The Zamami Whale Watching Association that organizes whale watching tours from Zamami Islands that have developed into a hub of the local whale watching industry keeps scouts who watch the whale’s annual migration from their observation post on Zamami Island. They reported spotting the first whale on Dec, 21st when a young male humpback whale was seen surfacing off Zamami. That means that the season is starting, and the first tours are about to go out already.
Humpback whales, which come to Okinawa during the winter months, spend much of their year in the waters around Aleutian Islands off Alaska’s coast. Waters around the Keramas is where they come to breed and give birth. Males provide much of the entertainment to spectators as they form groups, called mating pods, to wage often fierce fights with each other as they vie for the females’ attention. Breeding runs in February and March, with births happening about a year later.
The Kerama Islands are 25 miles west of Naha. The area was once a popular whaling ground until the whales disappeared from the area. Today, the Whale Watching Society is campaigning tirelessly to repopulate the area, and restore the region as a principal whale breeding ground. It appears to be working, as humpback whales make the annual trek to the Keramas to give birth to their young, and then nurture them in the warm waters.

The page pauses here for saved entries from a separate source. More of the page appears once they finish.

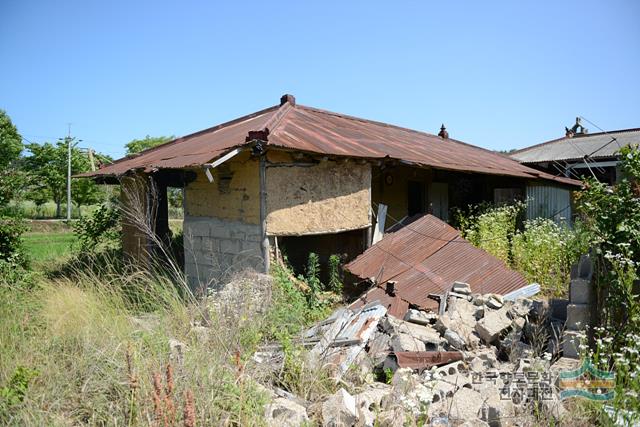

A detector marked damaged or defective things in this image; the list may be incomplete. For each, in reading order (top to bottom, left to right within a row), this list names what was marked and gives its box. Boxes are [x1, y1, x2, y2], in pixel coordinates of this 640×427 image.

rusted corrugated roof [81, 94, 580, 186]
rusted corrugated roof [348, 216, 528, 312]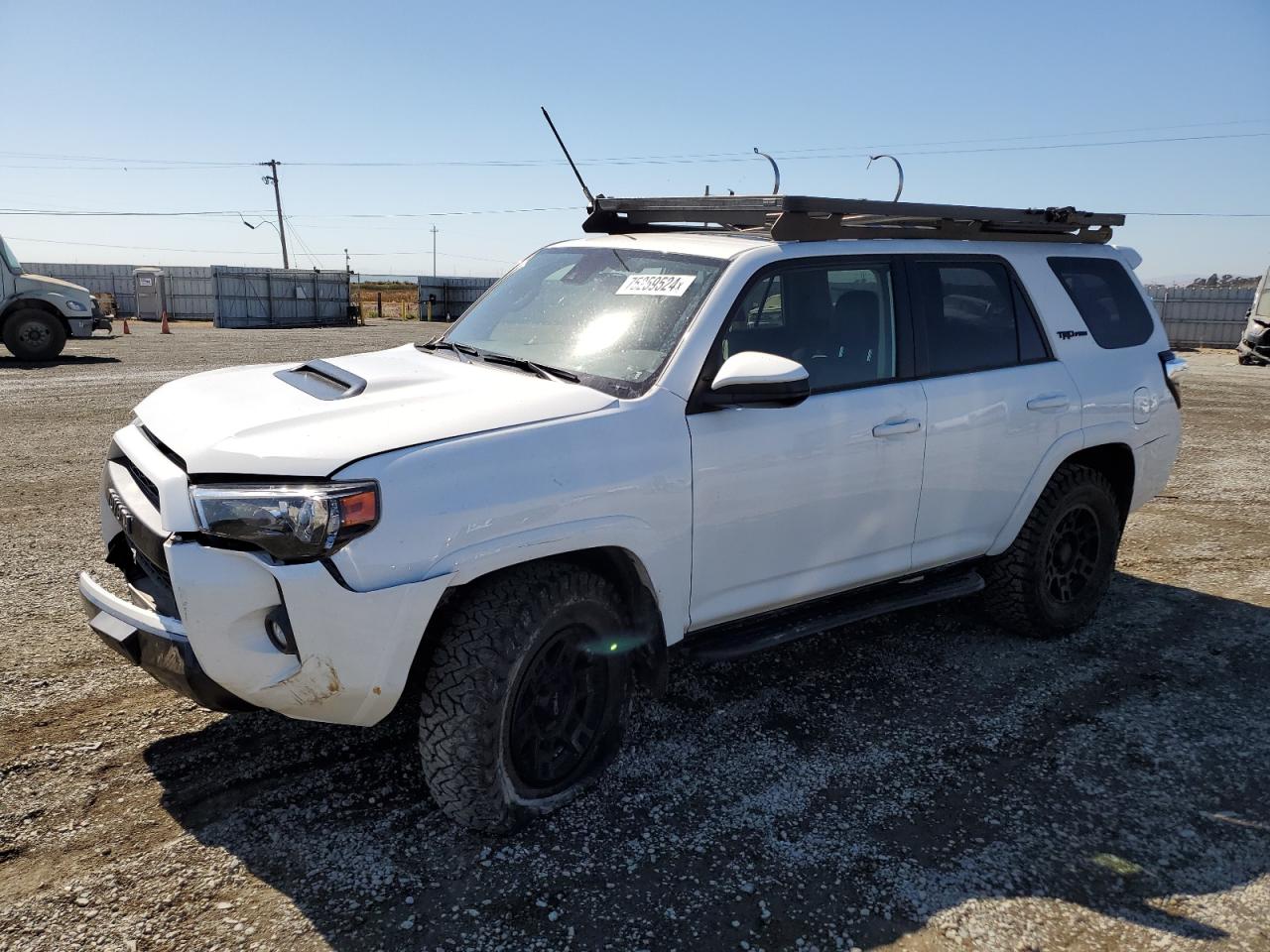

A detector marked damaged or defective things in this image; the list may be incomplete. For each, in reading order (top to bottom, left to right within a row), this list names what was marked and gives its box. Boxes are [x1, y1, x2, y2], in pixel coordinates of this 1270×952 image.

broken bumper cover [78, 571, 252, 710]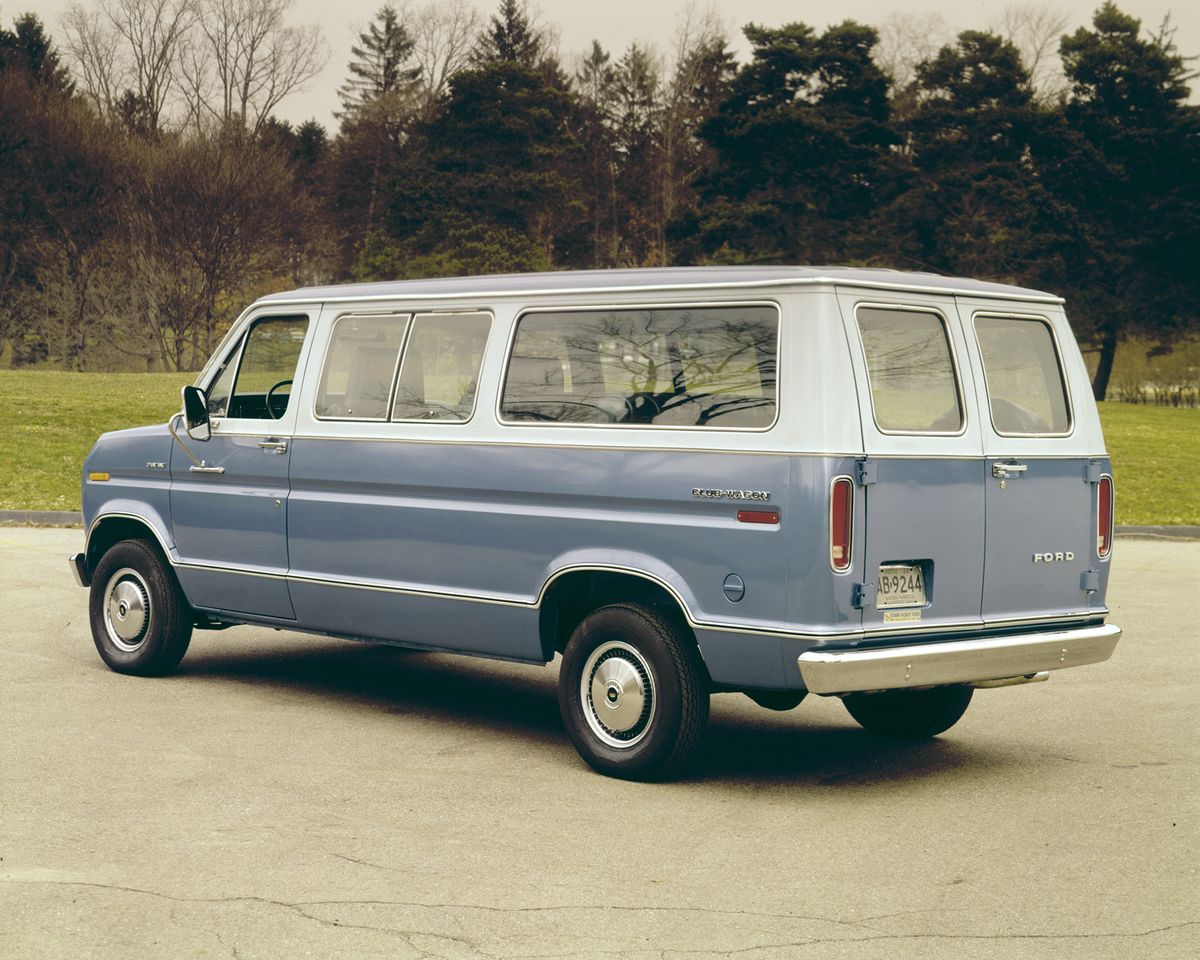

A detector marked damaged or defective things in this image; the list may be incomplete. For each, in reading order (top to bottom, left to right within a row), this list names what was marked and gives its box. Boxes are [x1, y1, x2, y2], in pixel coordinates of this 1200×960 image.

The whales travel about 3,200 miles to mate and breed here, then move back to the cold northern ocean waters in summer to feed.
After the whale population was decimated, the hunting of humpbacks was banned in 1966 and their numbers started to increase. There are now about 80,000 humpbacks worldwide, down from about 125,000 of the pre-commercial whaling population.
Whale watching tours depart two times a day from Chatan Fisherina, next to Hotel Hilton Resort Okinawa. The tours will start Jan. 7 and run through Mar. 31. Promoters of the tour virtually guarantee visitors will see whales. If none are sighted on a tour, the tour operator will give a free repeat trip to all customers. They put the odds at seeing them at 99 percent on either the first or second trip. The tour costs ¥4,400 for adults, ¥3,400 for kids 3 ~ 11, and ¥1,400 for those ages two and under. The price includes a ¥150 fee for Hamagawa Fishing Port use, and another ¥150 yen fee towards ocean cleanup efforts. The tours depart at 9:30 and 13:30. Participants should be at Chatan Fisherina at least 30 minutes before the scheduled tour. Tours that take about three hours can be booked on-line through Island Life Concierge.
The Zamami Whale Watching Society is responsible for dozens of tours from now through April 5th. The society’s whale watching tours depart from Zamami Port.
To get to Zamami, there are two daily ferries that depart from Tomari Port in Naha in time for the same-day whale watching tour. For detail information on schedules and costs, go to the Zamami Village Office Website.
There’s a choice of watching for whales from a moving boat, or from the Whale Conservatory in Unazati on Zamami Island. Society members spot the whales in the area from the conservatory, and relay the location to the boats.
Another shore site on Tokashiki Island to see the whales is the Okinawa National Youth Center atop Mt. Akama. The Center offers not only the view but inexpensive accommodations and more.
Many tour agencies also offer whale watching tours.